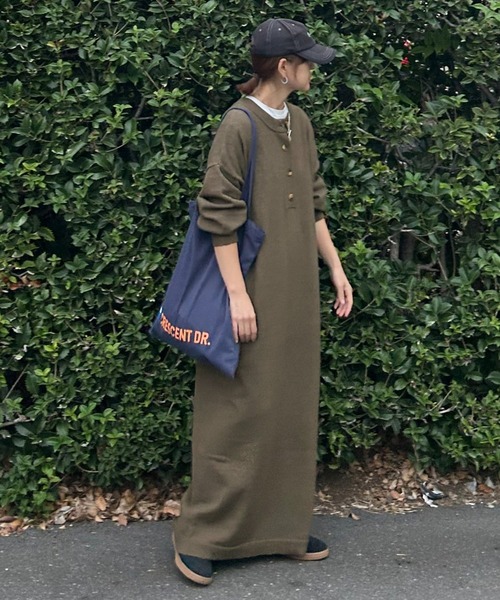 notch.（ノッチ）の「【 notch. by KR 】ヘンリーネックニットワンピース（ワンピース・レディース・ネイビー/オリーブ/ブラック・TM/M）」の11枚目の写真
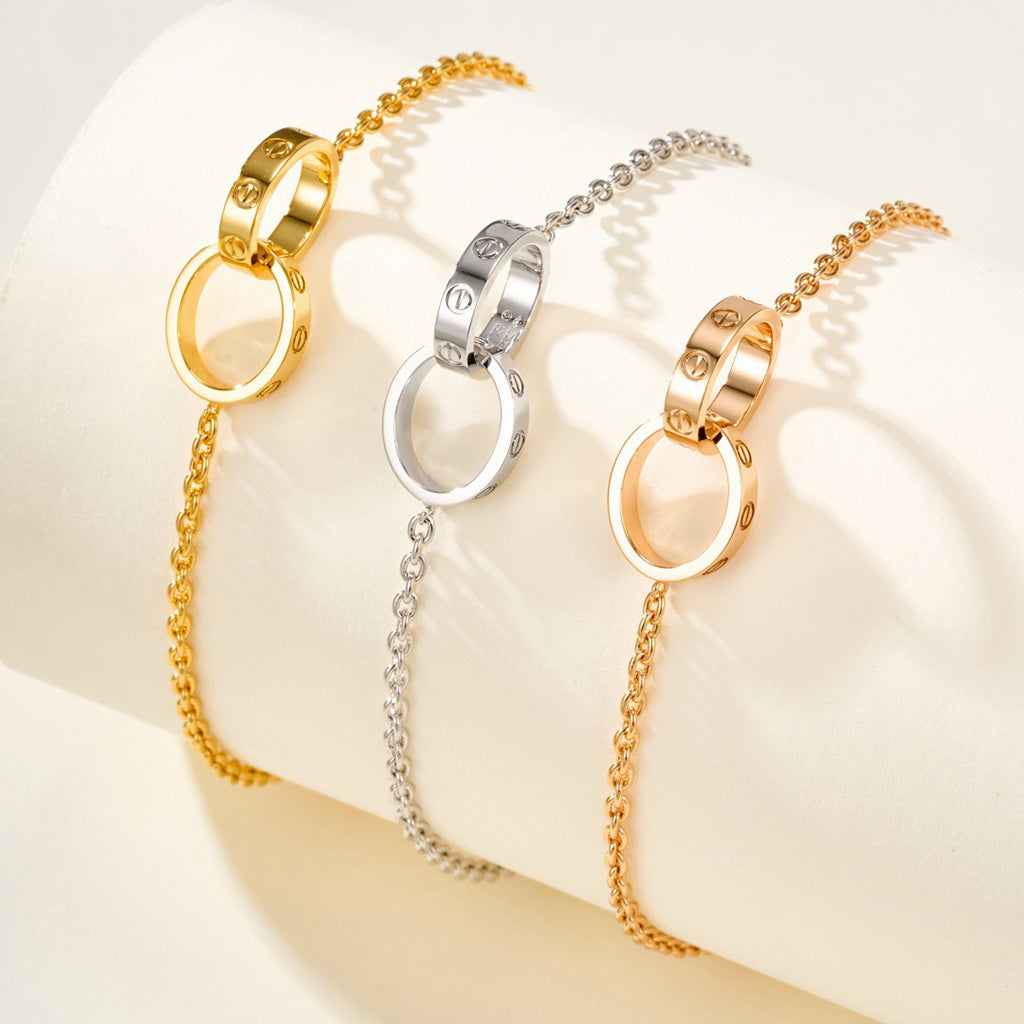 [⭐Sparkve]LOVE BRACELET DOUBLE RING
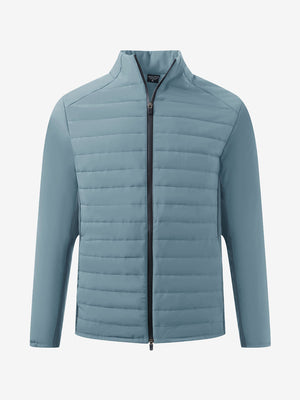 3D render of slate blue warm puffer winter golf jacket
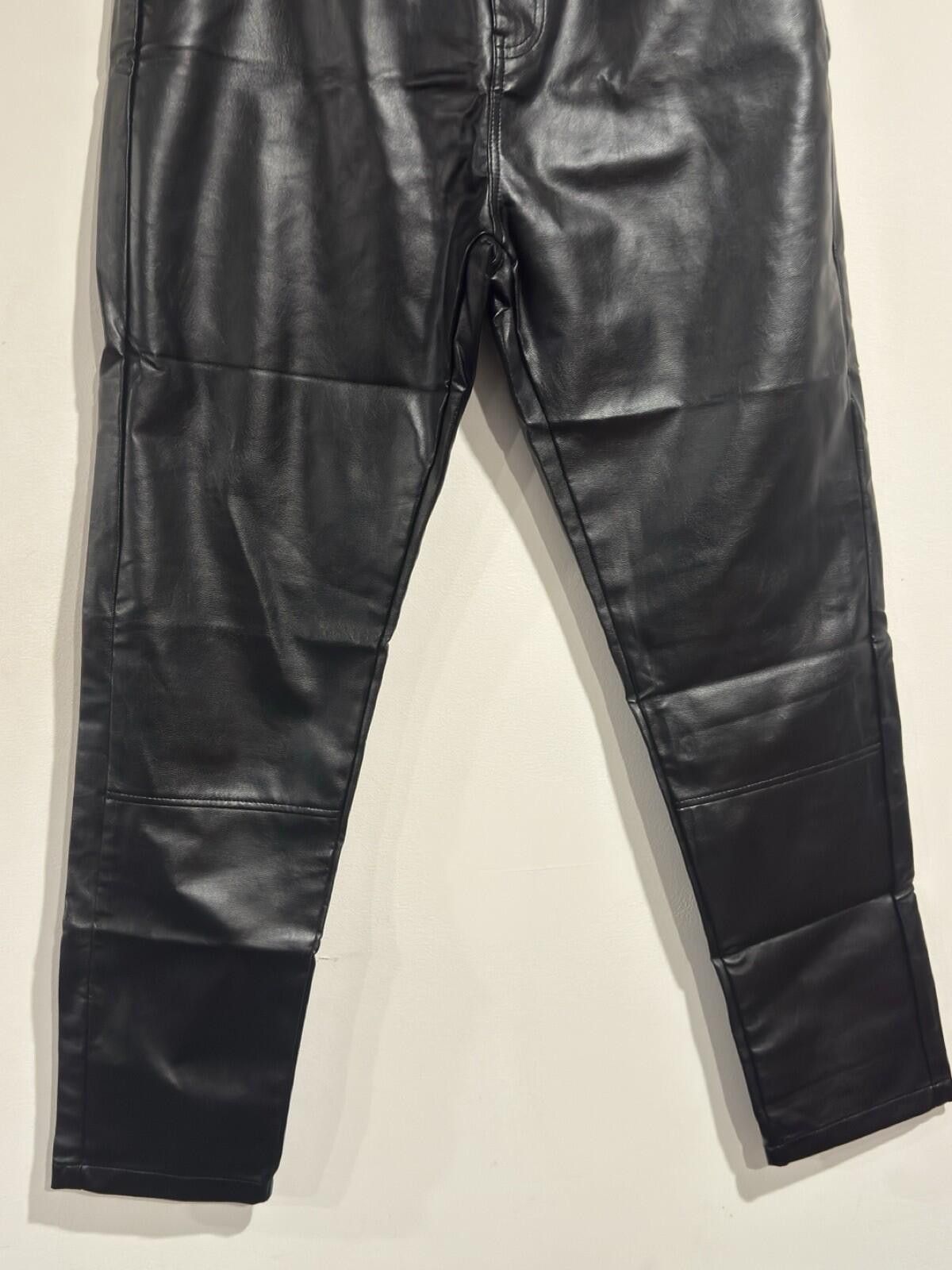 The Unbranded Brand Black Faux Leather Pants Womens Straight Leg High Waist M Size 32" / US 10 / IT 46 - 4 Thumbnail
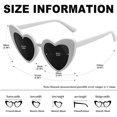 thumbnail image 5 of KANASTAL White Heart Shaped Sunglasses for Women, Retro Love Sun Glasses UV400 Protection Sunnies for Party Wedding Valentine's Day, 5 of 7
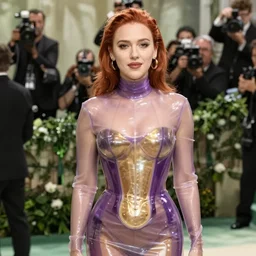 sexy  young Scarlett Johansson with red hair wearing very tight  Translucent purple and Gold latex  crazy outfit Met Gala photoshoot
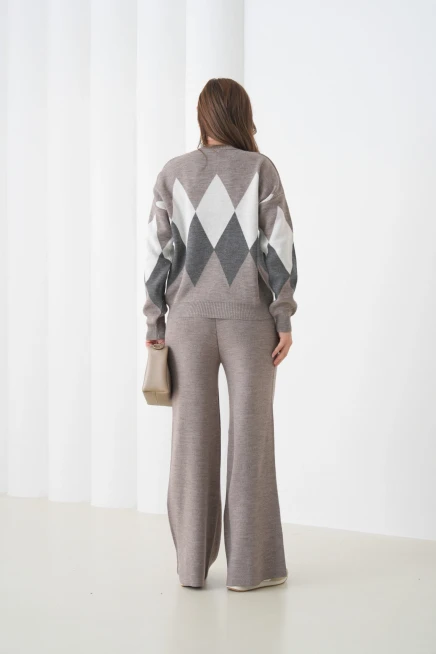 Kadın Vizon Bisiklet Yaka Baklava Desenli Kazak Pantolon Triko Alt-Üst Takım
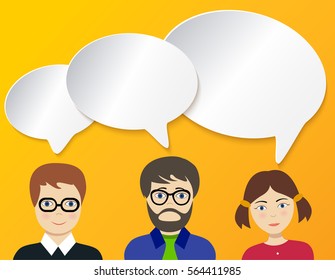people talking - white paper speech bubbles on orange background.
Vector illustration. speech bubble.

════════════════════

• _Instructions for the task_
Please return only the lines from the one holding "Met Gala photoshoot" through the end of the data, both ends included; do not copy any pictures.

• _Response_
 sexy  young Scarlett Johansson with red hair wearing very tight  Translucent purple and Gold latex  crazy outfit Met Gala photoshoot
 Kadın Vizon Bisiklet Yaka Baklava Desenli Kazak Pantolon Triko Alt-Üst Takım
people talking - white paper speech bubbles on orange background.
Vector illustration. speech bubble.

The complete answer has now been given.